News - Life-saving labor of love

Teachers return to their Under-the-microscope task

I love my profession. I am a high school English literature teacher.

But I have also taken notice of the myriad troubles that attack the morale of teachers in America. And I have made the very conscious decision not to internalize those troubles, because to do so would prevent me from truly breathing new life into those laboring along this embattled Western front.

What keeps my momentum from flagging, even as I struggle up education’s delicate crystal stairway, is the awareness that I am one of many dedicated servants to a diversifying society.

I am an instrument of change. Teachers change lives. Teachers even save lives.

I am sure that Creative Loafing’s readers have been bombarded with the media’s misrepresentation of my profession and colleagues.

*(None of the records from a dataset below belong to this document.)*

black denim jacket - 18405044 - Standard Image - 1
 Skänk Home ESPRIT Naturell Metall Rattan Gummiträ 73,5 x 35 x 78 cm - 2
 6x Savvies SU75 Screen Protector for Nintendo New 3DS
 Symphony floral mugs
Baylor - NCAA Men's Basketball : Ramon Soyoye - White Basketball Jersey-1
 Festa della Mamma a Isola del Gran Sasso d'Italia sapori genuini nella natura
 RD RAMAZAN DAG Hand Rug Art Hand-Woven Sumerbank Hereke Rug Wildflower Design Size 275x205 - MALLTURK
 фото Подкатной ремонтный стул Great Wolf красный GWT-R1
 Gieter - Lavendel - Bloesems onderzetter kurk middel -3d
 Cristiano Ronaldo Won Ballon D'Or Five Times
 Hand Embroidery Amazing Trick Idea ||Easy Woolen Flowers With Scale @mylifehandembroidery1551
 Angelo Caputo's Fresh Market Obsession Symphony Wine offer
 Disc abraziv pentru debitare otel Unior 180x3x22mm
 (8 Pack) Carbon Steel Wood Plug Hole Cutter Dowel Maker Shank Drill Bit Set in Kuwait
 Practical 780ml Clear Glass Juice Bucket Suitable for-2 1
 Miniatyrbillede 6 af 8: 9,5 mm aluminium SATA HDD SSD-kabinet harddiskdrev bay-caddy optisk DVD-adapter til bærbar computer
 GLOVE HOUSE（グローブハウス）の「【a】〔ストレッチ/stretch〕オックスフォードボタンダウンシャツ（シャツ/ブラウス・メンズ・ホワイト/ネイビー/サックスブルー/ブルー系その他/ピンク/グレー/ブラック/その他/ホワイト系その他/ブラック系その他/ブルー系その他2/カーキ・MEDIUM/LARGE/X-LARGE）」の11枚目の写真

It sometimes seems as if any television program airing between the months of August and June portrays educators as a dispirited, misbegotten lot. I, too, have seen the misrepresentations and overblown untruths.

The reality is that educators begin every new year with the intention of changing someone’s world — oftentimes, even if it means sacrificing their own.

My colleagues and I are fresh in August, and immediately begin dealing with our student’s difficulties with an intensity unknown to most other callings. In many ways, the process of educating youth often begins with breaking the pattern of miseducation that has been traced before students’ births, within the developmental years and even between the time it takes to travel from their homes and into the classroom.

For nine months of every year, educators push students to question their very place in life, in order to help young minds understand just how powerful they really are. And increasingly, teachers find themselves under fire for assuming the difficult roles they have decided to play in the evolution of America, as if molding the minds of America’s young people is not as important as designing a computer program, running a touchdown or even picking up garbage.

But by the end of the annual journey, many of them — my colleagues — will have internalized the broadcast woes that purportedly beset American education.

With so many deterrents to morale, one could easily wonder what keeps millions of educators returning to the classroom amidst the growing violence and frustration that accompany the calling.

The answer is simple. Teachers save lives.

For every child comforted by a teacher after suffering the everyday slights and struggles of youth, we should consider a life saved. For every student freed from the shackles of ignorance and miseducation, we should consider a life saved. For every teenager who has walked across a graduation stage in spite of the negative forces that might have blocked the goal of a complete education, we should consider a life saved.

And for every brave soul who decides to shoulder the mantle of teaching, truly the most noble profession, we should consider a life dedicated to serving not just students, but mankind itself; a service with potential so great that its magical effect may emerge within the span of a lifetime.

Teachers are like firemen. But our profession demands that we brave the inferno without the luxury of searching for medals of valor, and to indulge such selfishness would dampen our sense of self-worth and our ability to save lives.

We teach because it is worthwhile and righteous. Educators are the cornerstones in American existence. The laurels of society rest upon our ability to ensure the continued development of America.

But the seasons are changing. America is changing. The field of education is changing because education itself waves the flag of change.

As we open the doors to our schools once again, I urge my fellow educators to break their own patterns of self-doubt. Do not internalize the negatives of past lives — internalize the joys. Take solace in how valuable you truly are.

August is again upon us. Our children are among us.??